What you need to do => Retype the line with "美國masimo原裝LNCS系列血氧探頭" exactly. Then retype every line after it through the end of the entries below, and nothing more, leaving out pictures.

Dataset excerpts
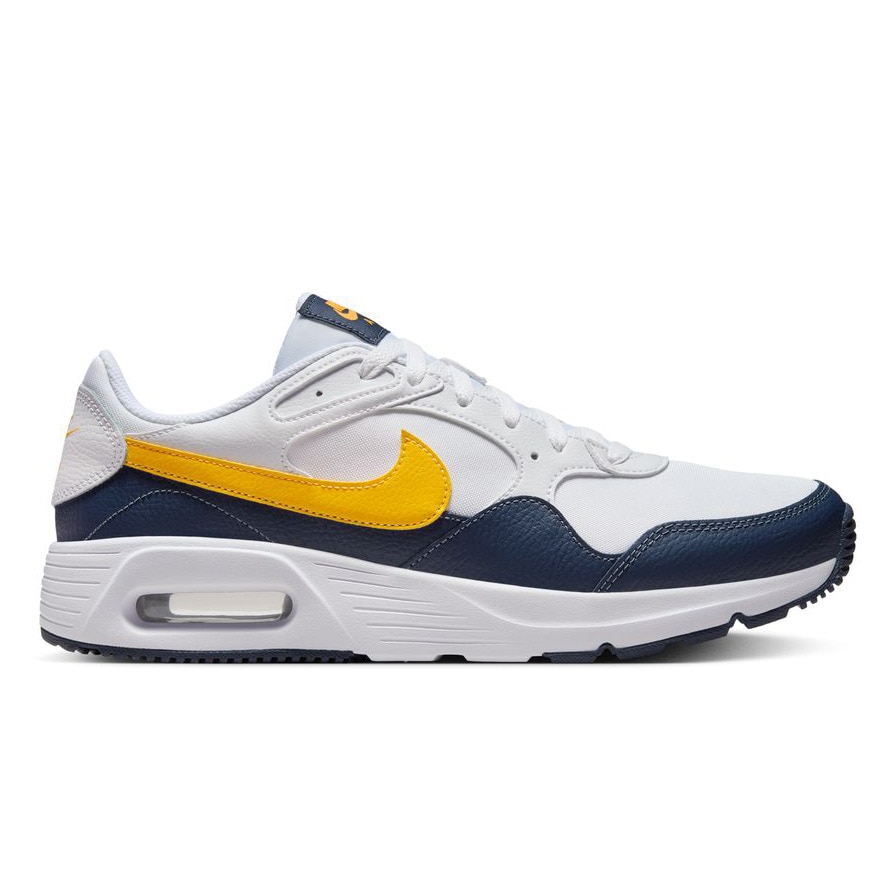 ナイキ（NIKE）（メンズ）スニーカー スポーツシューズ エア マックス SC HF4857-100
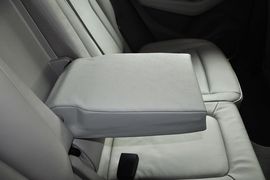 2011款奥迪Q5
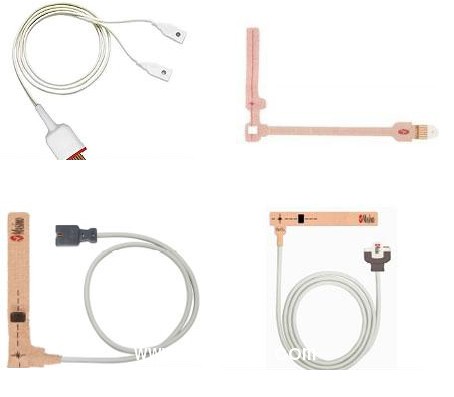 美國masimo原裝LNCS系列血氧探頭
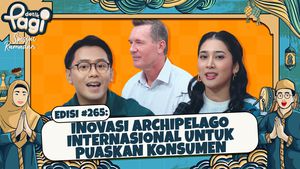 Inovasi Archipelago Internasional Untuk Puaskan Konsumen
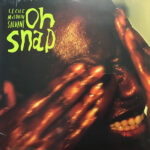 MCLORIN SALVANT  CECILE - OH SNAP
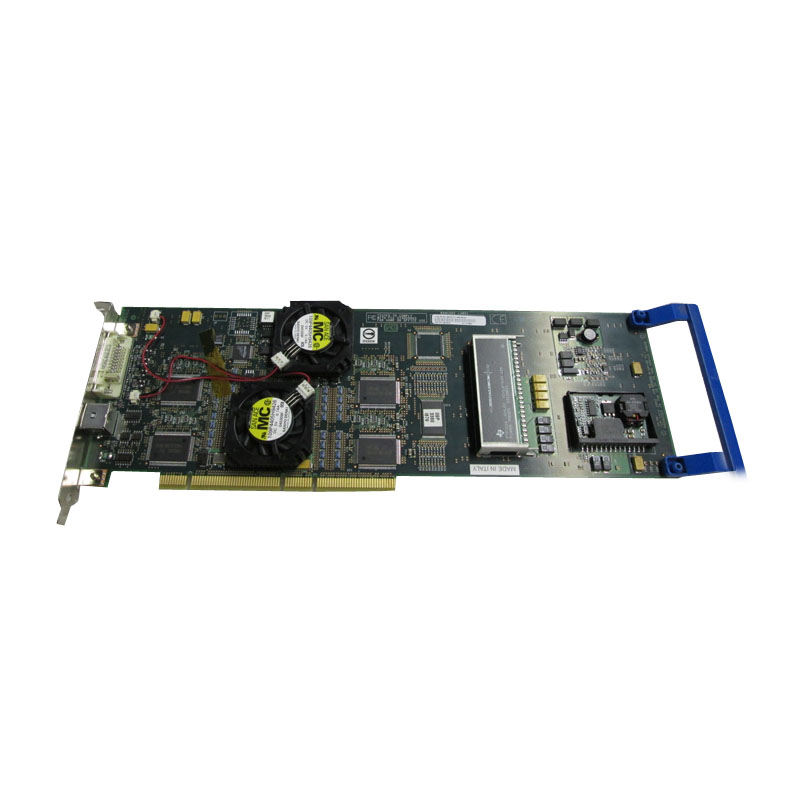 IBM 10N9105 - PCI GXT6500P Video Card
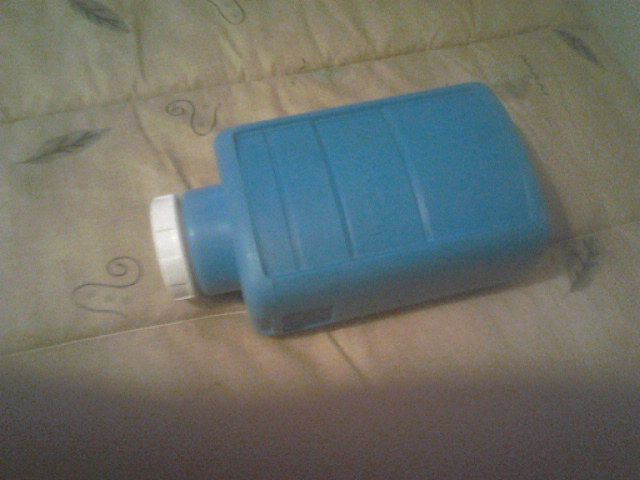 Termo Campingaz 1Litro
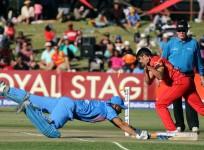 MS Dhoni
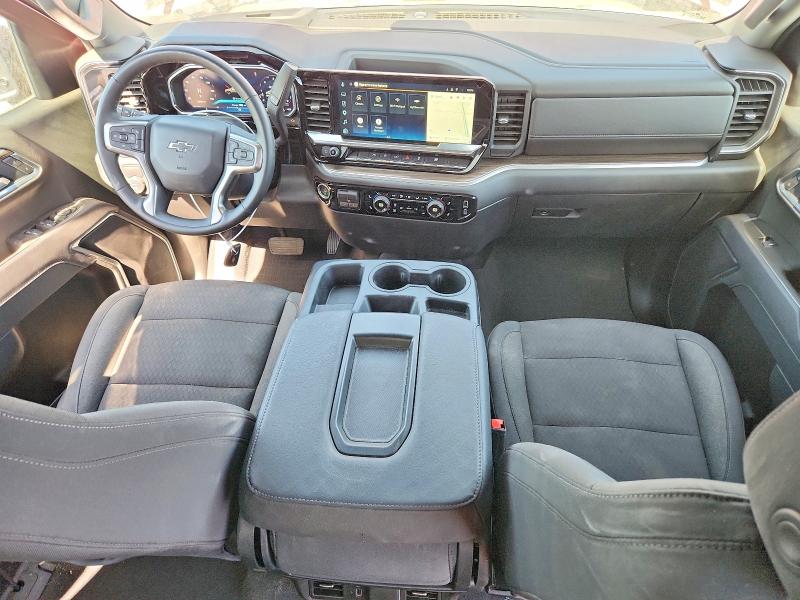 Продажа на аукционе авто 2026 Chevrolet Silverado, vin: 1GCPADED0TZ150205, номер лота: 61620906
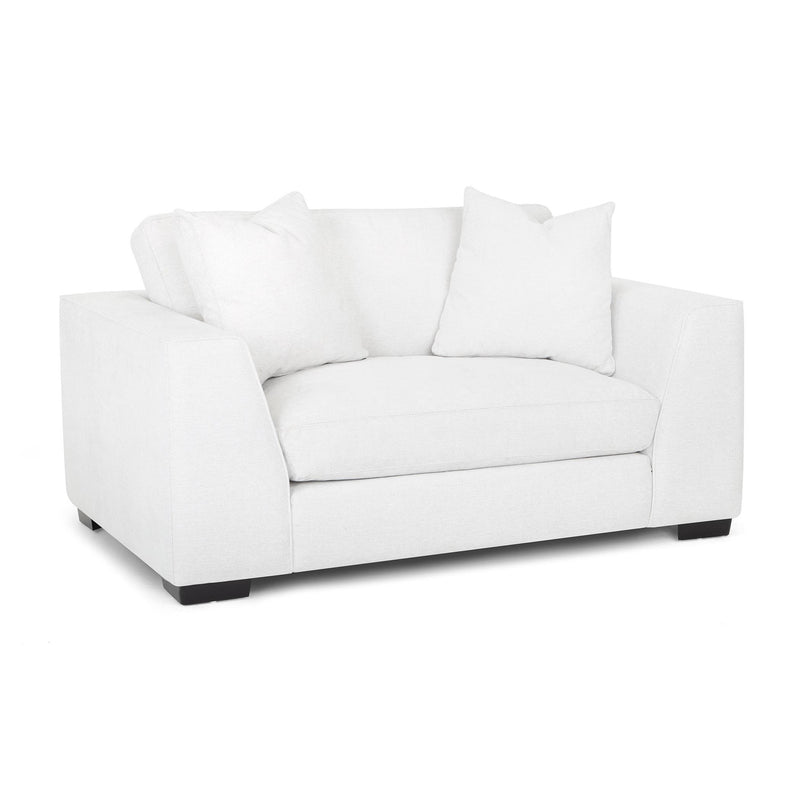 Franklin Sydney Stationary Fabric Chair 936-88 3065-09 IMAGE 1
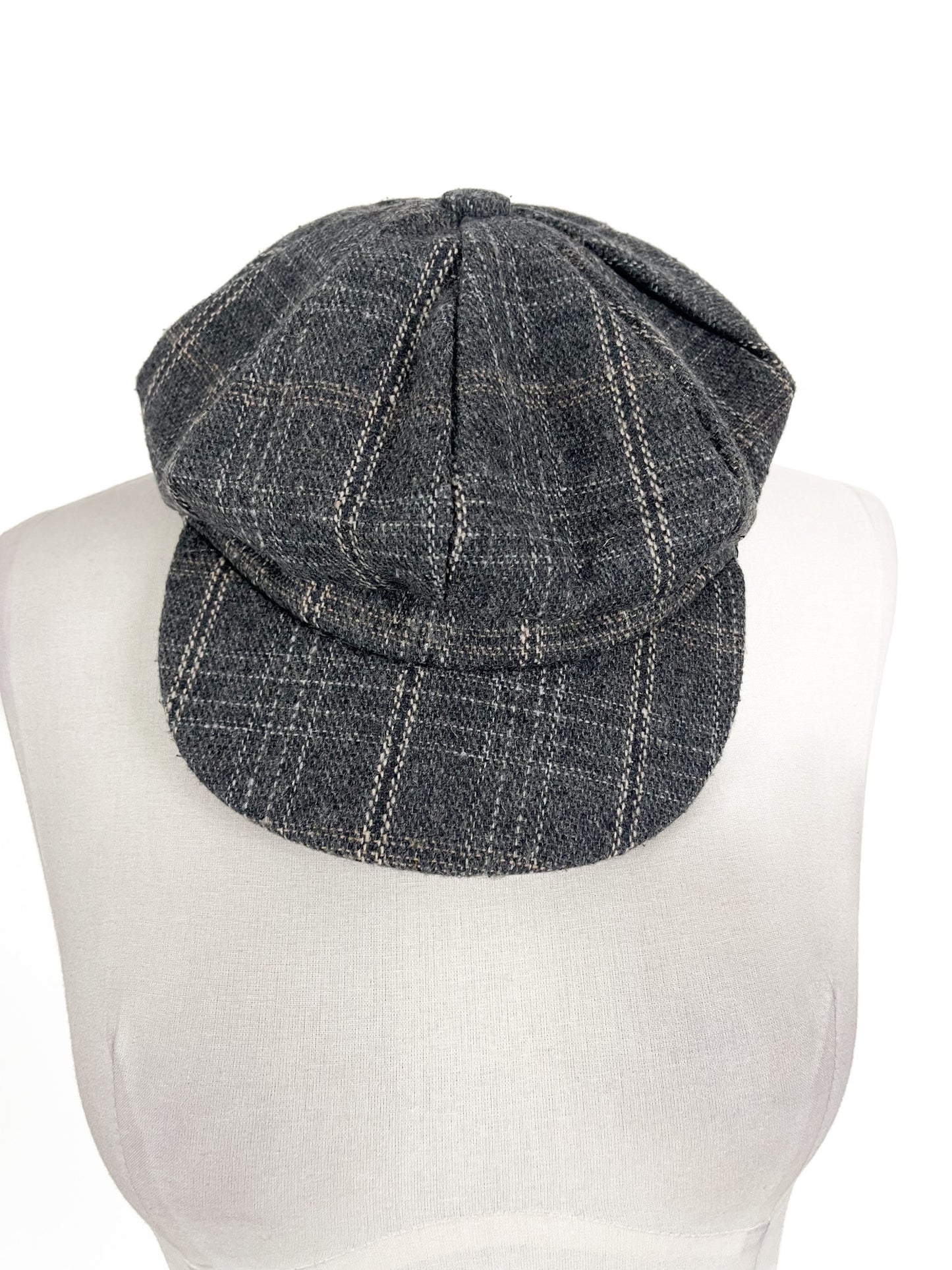 Unknown Brand | Grey Accessory | Size OS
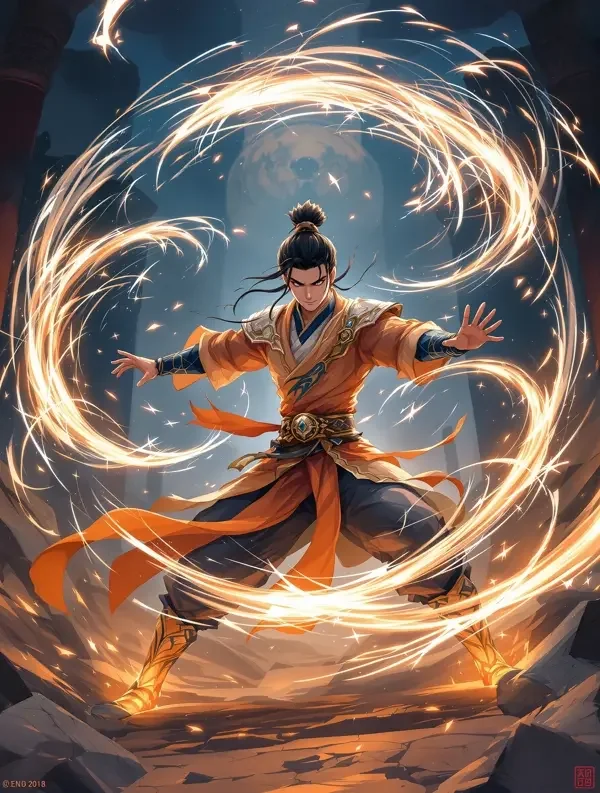 斗罗大陆II绝世唐门 - cc动漫 斗罗大陆II绝世唐门 - cc动漫封面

Answer space =>
 美國masimo原裝LNCS系列血氧探頭
 Inovasi Archipelago Internasional Untuk Puaskan Konsumen
 MCLORIN SALVANT  CECILE - OH SNAP
 IBM 10N9105 - PCI GXT6500P Video Card
 Termo Campingaz 1Litro
 MS Dhoni
 Продажа на аукционе авто 2026 Chevrolet Silverado, vin: 1GCPADED0TZ150205, номер лота: 61620906
 Franklin Sydney Stationary Fabric Chair 936-88 3065-09 IMAGE 1
 Unknown Brand | Grey Accessory | Size OS
 斗罗大陆II绝世唐门 - cc动漫 斗罗大陆II绝世唐门 - cc动漫封面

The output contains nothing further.